Out-Law Analysis | 24 Feb 2021 | 9:51 am | 3 min. read
Major oil and gas companies are accelerating their move into renewables projects as part of their transition to a net-zero future in an ongoing trend which will lead to more transactional activity in the next 12 months and beyond.
Earlier in February BP and Total laid down markers signalling their intent to accelerate energy transition, when consortia led by the oil giants secured more than half of the 8GW of offshore wind project leases auctioned under the Crown Estate’s Offshore Wind Leasing Round 4.
In recent weeks Exxon has reinvigorated its process in relation to a material sale of its UK Continental Shelf assets, which is not a surprise given the pressure the company has come under at a corporate level to embrace energy transition.
The US majors have probably been slightly slower than their European contemporaries on this front, but with Exxon now also in discussions to support the Acorn Carbon Capture and Storage (CSS) project at Peterhead, this demonstrates the issue is very much a live one.
Total and Chevron have also been active in recent years, divesting portfolios of North Sea assets and this exit from non-core mature assets allows capital to be redeployed in other oil and gas geographies, typically less mature basins where they can meet their target investment criteria - or into energy transition assets, particularly offshore wind, solar, CCS and hydrogen.
This big push is undoubtedly driven by their institutional investors demanding a pivot which would have been unthinkable on this scale only a few years ago, but there is an interesting sub-plot to energy transition driven M&A: who is actually buying these non-core assets that are coming on to the market.

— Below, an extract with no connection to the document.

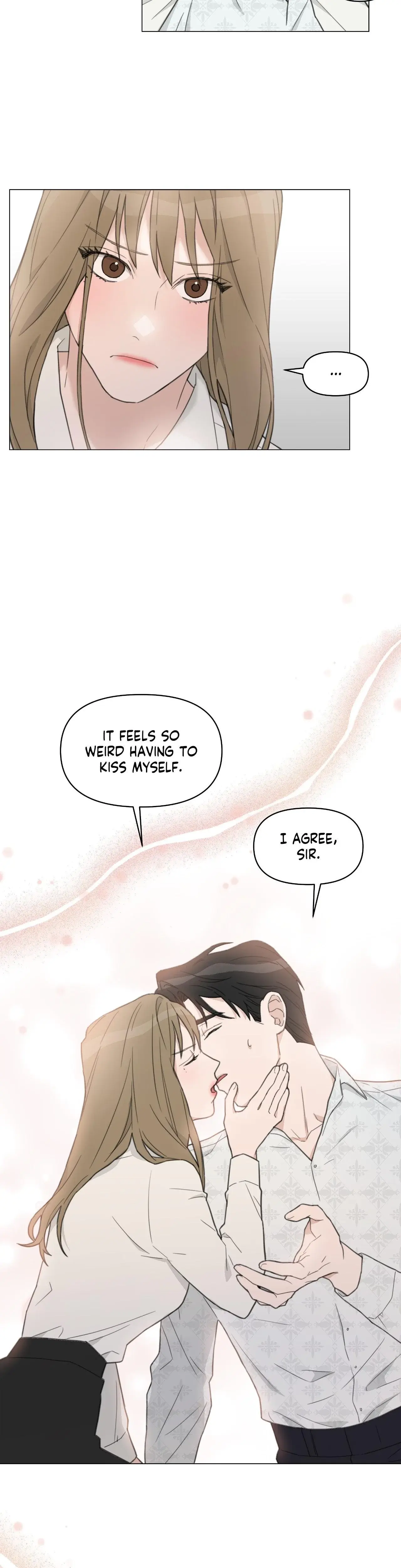 How To Captivate Your Boss Chapter 3 - Page 7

Smaller independents backed by private equity and commodity traders are to the fore, for example – including Viaro-backed RockRose and Hitec-backed NEO Energy – and this will continue to be a theme.
One interesting aspect is how the private equity funds who have invested in these assets are going to exit, when the typical investment lifecycle is five to seven years, and the time is coming for them to be looking to cash out. Traditionally, they would go to the markets, and while specialist energy funds are still interested in oil and gas, the appetite of generalist funds to invest in the sector has cooled given their greater sensitivity to environmental, social and governance investing.
There is some creativity being adopted as a result of this. A case in point is Chrysaor’s reverse takeover of Premier Oil (to be renamed Harbour Energy if the merger is approved). The tie-up ticks many boxes by addressing Premier's leverage issues, while providing access to the markets that Chrysaor had been looking for.
The last 12 months have proved to be particularly torrid for listed oil and gas companies, with most trading at a significant discount to their core net asset value (NAV). Most are now trading at much more modest discounts of 10-20% of NAV but with their share price very heavily influenced by oil price fluctuations, we will continue to see increased M&A activity in this space.
It is likely consolidation amongst smaller listed oil and gas companies will be another key theme throughout 2021. Geographic diversification, rebalancing of the asset mix within portfolios, and economies of scale will be the key drivers.
M&A activity will also benefit from a more realistic approach by sellers who now take the view that valuation gaps can be met because there is more short-term stability of Brent pricing and more of a consensus as to the longer-term price of oil.
There is also a much better understood path around how to bridge valuation gaps using a variety of contingent and deferred consideration structures, often linked to particular milestones or oil and gas prices. While in the past deals may have fallen over because consensus could not be reached on price, these tools are smoothing out that delta.
Another trend which has taken hold is the prevalence of commodity traders as equity investors and this is driving M&A. Viaro Energy acquiring RockRose is one example, while Mercuria has a substantial interest in Tailwind Energy, which has been and will continue to be acquisitive. While the sources of capital in the hydrocarbon sector have pivoted away from tradition in recent years, commodity traders are helping to fill that gap both on the equity and debt side.
In the oilfield services sector, M&A has been the preferred option for companies seeking to expand into new markets. They too have been quick to recognise the need to diversify away from oil and gas to keep up with the move into a zero-carbon landscape, so we expect significant activity in this sphere, with acquisitions concentrated on new technologies and companies that can boost diversification into the renewables supply chain.
The events of 2020 have accelerated the move to energy transition across all areas of the sector on a scale no one could have predicted. It will be the key driver for M&A activity in 2021 and will remain so for many years to come.